PROBLEM -
Your response should contain every line from the data below that holds the string "with".

DATA PROVIDED -
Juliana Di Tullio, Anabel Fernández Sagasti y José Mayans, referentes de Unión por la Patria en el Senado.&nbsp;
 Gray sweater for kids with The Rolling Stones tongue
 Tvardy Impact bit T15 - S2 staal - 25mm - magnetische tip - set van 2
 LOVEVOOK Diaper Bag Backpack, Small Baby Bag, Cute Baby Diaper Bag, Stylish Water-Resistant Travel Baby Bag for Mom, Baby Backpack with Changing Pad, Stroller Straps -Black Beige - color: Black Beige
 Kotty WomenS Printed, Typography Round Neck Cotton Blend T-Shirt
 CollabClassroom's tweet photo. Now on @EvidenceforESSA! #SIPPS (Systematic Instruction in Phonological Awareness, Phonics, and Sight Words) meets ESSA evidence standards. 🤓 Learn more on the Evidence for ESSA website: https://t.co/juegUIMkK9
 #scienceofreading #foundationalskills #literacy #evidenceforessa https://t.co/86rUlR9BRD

WRITTEN REPLY -
 Gray sweater for kids with The Rolling Stones tongue
 LOVEVOOK Diaper Bag Backpack, Small Baby Bag, Cute Baby Diaper Bag, Stylish Water-Resistant Travel Baby Bag for Mom, Baby Backpack with Changing Pad, Stroller Straps -Black Beige - color: Black Beige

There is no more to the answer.